WHAT THIS TASK INVOLVES:
Images do not belong in the copy. Set down all the entries exactly.

(EXTRACTED RECORDS)

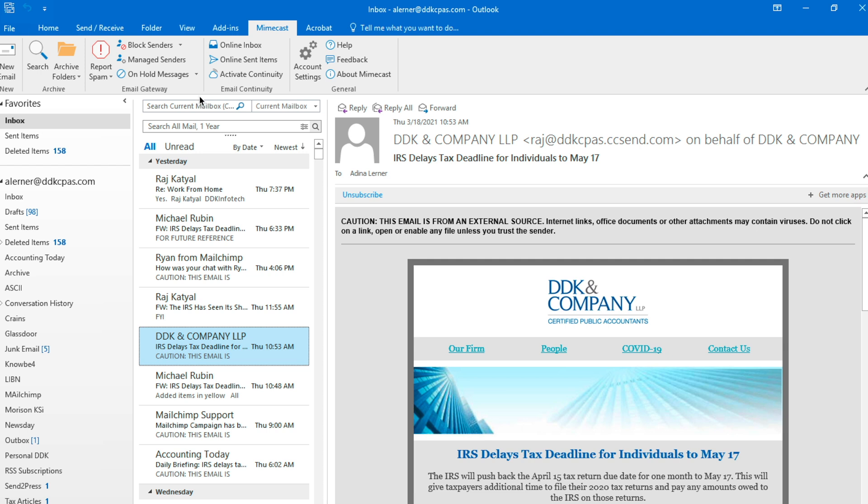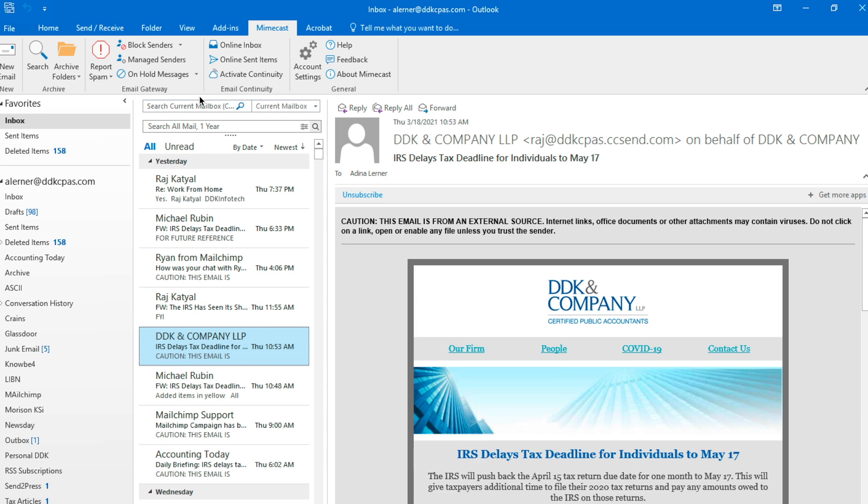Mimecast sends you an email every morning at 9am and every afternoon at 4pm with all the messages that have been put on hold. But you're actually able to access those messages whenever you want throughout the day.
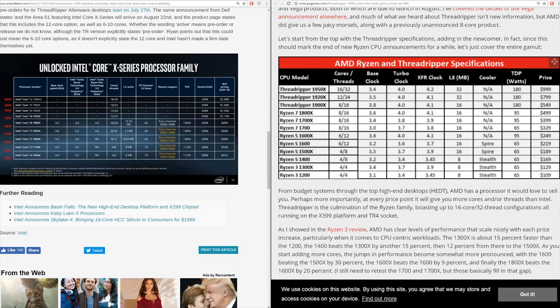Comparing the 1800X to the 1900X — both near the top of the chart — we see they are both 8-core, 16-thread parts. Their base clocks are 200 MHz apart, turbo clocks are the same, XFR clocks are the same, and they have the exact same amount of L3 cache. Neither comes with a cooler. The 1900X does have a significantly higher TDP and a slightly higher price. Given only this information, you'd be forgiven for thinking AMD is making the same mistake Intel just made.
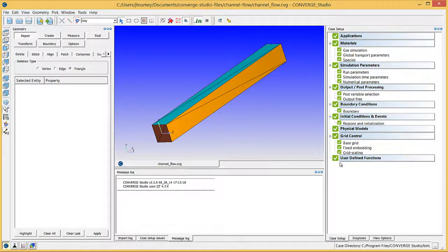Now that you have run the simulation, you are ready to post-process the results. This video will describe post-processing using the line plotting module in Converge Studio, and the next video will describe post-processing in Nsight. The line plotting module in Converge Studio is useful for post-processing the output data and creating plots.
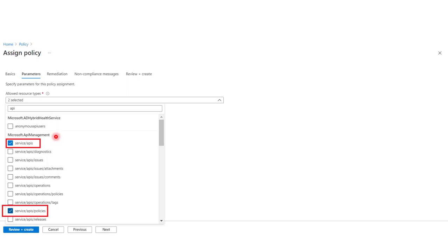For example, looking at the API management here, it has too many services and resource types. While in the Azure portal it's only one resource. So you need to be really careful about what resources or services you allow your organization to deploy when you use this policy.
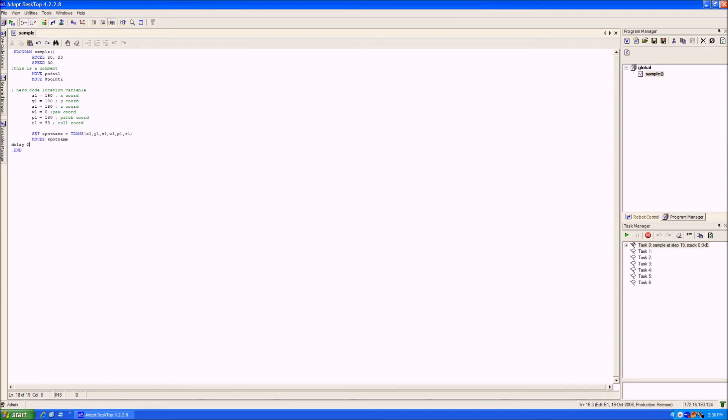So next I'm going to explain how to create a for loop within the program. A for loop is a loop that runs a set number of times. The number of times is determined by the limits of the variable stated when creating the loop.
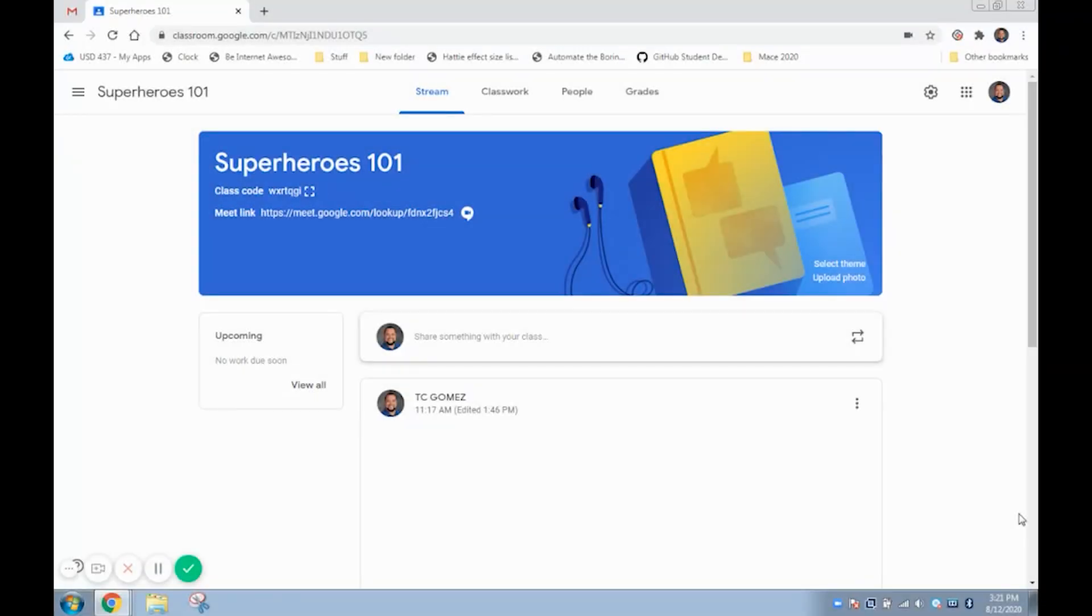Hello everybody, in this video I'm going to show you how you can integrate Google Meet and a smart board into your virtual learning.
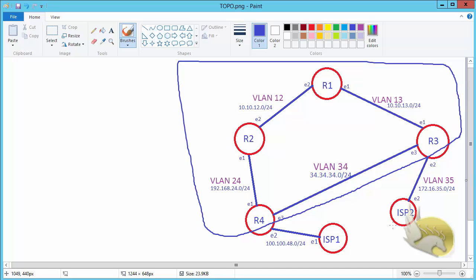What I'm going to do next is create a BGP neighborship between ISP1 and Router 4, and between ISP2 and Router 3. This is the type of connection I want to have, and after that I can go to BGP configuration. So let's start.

(End EXTRACTED RECORDS)

SOLUTION TO THE PROBLEM:
Mimecast sends you an email every morning at 9am and every afternoon at 4pm with all the messages that have been put on hold. But you're actually able to access those messages whenever you want throughout the day.
Comparing the 1800X to the 1900X — both near the top of the chart — we see they are both 8-core, 16-thread parts. Their base clocks are 200 MHz apart, turbo clocks are the same, XFR clocks are the same, and they have the exact same amount of L3 cache. Neither comes with a cooler. The 1900X does have a significantly higher TDP and a slightly higher price. Given only this information, you'd be forgiven for thinking AMD is making the same mistake Intel just made.
Now that you have run the simulation, you are ready to post-process the results. This video will describe post-processing using the line plotting module in Converge Studio, and the next video will describe post-processing in Nsight. The line plotting module in Converge Studio is useful for post-processing the output data and creating plots.
For example, looking at the API management here, it has too many services and resource types. While in the Azure portal it's only one resource. So you need to be really careful about what resources or services you allow your organization to deploy when you use this policy.
So next I'm going to explain how to create a for loop within the program. A for loop is a loop that runs a set number of times. The number of times is determined by the limits of the variable stated when creating the loop.
Hello everybody, in this video I'm going to show you how you can integrate Google Meet and a smart board into your virtual learning.
What I'm going to do next is create a BGP neighborship between ISP1 and Router 4, and between ISP2 and Router 3. This is the type of connection I want to have, and after that I can go to BGP configuration. So let's start.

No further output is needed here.